Descriptive statistics were used to describe the cohort. Body mass index was grouped into 3 categories: 18.5 to 29.9 kg/m2 (normal weight to overweight), 30 to 39.9 kg/m2 (obese), and 40 kg/m2 or greater (morbidly obese). Receipt of lymphedema treatment, history of smoking, history of specified comorbidities, and incidence of wound complications were each dichotomized and dummy coded. Chi-square analysis was used to examine differences among categorical patient characteristics between the control and treatment groups. Differences in the continuous variables of time to definitive fixation between the control and treatment groups were analyzed using the nonparametric Mann–Whitney U test. Chi-square analysis or Fisher's exact test was used to analyze the relationship between categorized known risk factors for complications (ie, obesity, smoking, diabetes, and fracture type) and lymphedema treatment with the development of wound complications. Regardless of the outcome of this bivariate analysis, each risk factor was included in a multiple logistic regression model along with receipt of lymphedema treatment to determine which factors affected the incidence of wound complications. Odds ratio and 95% confidence interval were reported for each factor. If the confidence interval crossed 1, the risk factor was not significant. P<.05 was considered significant for all other analyses. All analyses were performed using SPSS version 22 software (IBM, Armonk, New York).

Results

Of the 91 patients eligible for this study, 9 were excluded due to incomplete records or a follow-up period of less than 90 days. This left a total of 82 patients with 84 pilon fractures who were included in this analysis. Each fracture was considered a unique incident for lymphedema treatment, fracture classification, time to internal fixation, and wound complications. The total population was primarily male (59%) with a median age of 44 years. Table 1 describes the cohort as a whole as well as by control and treatment sub- groups. Of the total cohort, 57% received compression wrapping for management of their lower extremity lymphedema. There were no statistically significant differences between the groups regarding basic demographic descriptors, history of comorbidities, or fracture type.

Patient Demographics

Table 1:

Patient Demographics

Most patients (85%) underwent external fixation of their pilon fractures on the day of presentation to the hospital. All remaining patients were placed with external fixators 1 to 3 days after admission. Median time to internal fixation was 20 days (interquartile range, 15.5–30 days) for the control group compared with 11 days (interquartile range, 6–18 days) for the compression group (Figure 2). This difference was statistically significant at P=.001.

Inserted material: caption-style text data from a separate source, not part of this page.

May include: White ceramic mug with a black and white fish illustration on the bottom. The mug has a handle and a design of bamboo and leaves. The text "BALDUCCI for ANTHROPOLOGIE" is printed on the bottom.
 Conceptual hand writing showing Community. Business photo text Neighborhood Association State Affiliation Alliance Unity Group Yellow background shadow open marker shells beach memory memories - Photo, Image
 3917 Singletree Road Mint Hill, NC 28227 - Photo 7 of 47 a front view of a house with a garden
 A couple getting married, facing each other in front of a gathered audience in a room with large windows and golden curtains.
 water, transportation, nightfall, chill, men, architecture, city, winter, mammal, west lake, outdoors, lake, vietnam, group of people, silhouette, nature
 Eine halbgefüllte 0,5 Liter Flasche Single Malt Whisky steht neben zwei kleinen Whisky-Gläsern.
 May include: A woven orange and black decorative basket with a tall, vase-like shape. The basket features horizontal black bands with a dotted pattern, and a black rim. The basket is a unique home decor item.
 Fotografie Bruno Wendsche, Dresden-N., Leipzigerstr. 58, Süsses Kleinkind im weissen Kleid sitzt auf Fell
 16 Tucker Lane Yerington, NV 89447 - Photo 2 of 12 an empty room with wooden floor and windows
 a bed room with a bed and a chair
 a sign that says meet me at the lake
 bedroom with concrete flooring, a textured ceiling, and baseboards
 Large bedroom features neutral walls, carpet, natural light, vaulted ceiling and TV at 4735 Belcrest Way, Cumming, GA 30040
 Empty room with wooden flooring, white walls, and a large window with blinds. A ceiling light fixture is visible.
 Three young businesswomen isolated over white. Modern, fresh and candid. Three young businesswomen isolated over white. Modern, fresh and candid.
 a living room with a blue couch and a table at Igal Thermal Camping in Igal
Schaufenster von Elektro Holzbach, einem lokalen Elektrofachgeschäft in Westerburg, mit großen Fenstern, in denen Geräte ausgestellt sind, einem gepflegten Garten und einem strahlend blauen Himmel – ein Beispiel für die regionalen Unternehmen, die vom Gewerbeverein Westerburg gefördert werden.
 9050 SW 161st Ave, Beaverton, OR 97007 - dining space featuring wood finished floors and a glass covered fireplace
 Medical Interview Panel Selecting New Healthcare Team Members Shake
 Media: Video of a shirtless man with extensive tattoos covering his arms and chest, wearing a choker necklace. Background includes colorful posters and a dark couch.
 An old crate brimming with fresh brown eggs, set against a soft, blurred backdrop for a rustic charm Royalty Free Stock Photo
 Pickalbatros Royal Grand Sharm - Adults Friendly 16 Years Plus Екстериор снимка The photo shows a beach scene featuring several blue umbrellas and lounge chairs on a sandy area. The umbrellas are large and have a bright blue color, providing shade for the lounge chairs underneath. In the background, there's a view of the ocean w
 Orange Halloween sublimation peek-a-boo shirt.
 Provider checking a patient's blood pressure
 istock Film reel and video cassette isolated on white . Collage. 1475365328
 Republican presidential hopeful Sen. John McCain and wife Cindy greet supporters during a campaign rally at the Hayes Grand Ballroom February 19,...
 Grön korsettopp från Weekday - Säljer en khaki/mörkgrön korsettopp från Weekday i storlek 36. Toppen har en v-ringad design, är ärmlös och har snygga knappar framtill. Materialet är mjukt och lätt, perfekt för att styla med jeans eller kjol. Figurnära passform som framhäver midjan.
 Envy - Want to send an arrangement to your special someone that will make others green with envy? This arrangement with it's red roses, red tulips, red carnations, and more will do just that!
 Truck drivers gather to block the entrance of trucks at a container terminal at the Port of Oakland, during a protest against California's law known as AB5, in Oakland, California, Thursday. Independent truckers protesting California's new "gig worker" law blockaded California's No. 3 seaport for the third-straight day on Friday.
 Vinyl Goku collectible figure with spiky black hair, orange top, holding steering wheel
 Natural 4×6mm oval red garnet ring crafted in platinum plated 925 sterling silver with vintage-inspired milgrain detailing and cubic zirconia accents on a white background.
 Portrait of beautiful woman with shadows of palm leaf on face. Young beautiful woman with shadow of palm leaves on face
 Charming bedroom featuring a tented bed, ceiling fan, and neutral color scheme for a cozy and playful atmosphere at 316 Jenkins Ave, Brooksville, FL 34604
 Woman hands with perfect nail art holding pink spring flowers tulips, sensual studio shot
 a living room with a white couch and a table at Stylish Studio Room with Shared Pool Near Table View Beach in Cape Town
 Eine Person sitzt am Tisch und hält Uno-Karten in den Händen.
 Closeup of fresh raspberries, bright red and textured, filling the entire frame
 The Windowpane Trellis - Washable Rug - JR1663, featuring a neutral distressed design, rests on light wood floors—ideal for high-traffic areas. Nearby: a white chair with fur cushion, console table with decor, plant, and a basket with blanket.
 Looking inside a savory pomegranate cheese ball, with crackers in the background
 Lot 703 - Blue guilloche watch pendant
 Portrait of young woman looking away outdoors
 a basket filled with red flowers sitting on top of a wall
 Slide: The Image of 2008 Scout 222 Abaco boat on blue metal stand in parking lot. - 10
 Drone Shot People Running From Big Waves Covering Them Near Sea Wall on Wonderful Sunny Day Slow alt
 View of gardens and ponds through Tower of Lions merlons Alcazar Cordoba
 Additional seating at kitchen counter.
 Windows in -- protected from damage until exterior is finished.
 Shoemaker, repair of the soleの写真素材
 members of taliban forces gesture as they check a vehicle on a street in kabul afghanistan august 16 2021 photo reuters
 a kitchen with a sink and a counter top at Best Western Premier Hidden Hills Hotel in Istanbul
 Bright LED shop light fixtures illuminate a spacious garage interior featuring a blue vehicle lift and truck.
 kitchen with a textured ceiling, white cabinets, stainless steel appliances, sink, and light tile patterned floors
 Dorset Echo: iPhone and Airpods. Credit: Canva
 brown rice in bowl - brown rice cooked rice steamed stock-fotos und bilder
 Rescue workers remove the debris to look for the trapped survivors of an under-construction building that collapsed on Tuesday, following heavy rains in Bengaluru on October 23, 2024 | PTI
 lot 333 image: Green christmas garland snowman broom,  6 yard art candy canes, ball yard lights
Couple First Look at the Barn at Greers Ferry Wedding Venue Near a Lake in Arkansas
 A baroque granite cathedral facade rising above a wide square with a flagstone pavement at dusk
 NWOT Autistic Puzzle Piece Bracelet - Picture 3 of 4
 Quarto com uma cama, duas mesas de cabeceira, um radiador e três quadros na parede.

Box plot depicting distribution of times to internal fixation for patients who did not receive lymphedema treatment compared with those who did.

Figure 2:

Box plot depicting distribution of times to internal fixation for patients who did not receive lymphedema treatment compared with those who did.

Follow-up records revealed a total of 35 patients (43%) who developed complications. Of these, 23 received lymphedema treatment. No significant difference in incidence of wound complications was found between the treatment and control groups (P=.246). A demographic comparison of those who developed wound complications with those who did not revealed no significant differences in age, body mass index, smoking history, or comorbidities (Table 2). However, women were significantly more likely to develop wound complications (P=.042), as were patients with open pilon fractures (P<.001).

Local Wound Complications Across Risk Factors, Treatment

Table 2:

Local Wound Complications Across Risk Factors, Treatment

The results of the logistic regression analysis are detailed in Table 3. Consistent with the bivariate analysis, only female sex and open fracture were significantly associated with an increased risk for wound complications. Neither receipt of lymphedema treatment nor presence of known risk factors were found to be predictive of wound complications.

Logistic Regression Analysis of Risk Factors for Wound Complications

Table 3:

Logistic Regression Analysis of Risk Factors for Wound Complications

Complications were further examined to delineate the incidence of minor and major complications (Table 4). Of the 35 total complications, 23 met criteria to be classified as major. The incidence of major complications was similar between treatment and control groups (n=13 vs n=10, respectively). Of these, 16 (70%) occurred in patients with open fractures. The remaining 12 complications were minor and resolved with the administration of oral antibiotics and/or local wound care. No significant relationship was found for the occurrence of major or minor complications with lymphedema treatment.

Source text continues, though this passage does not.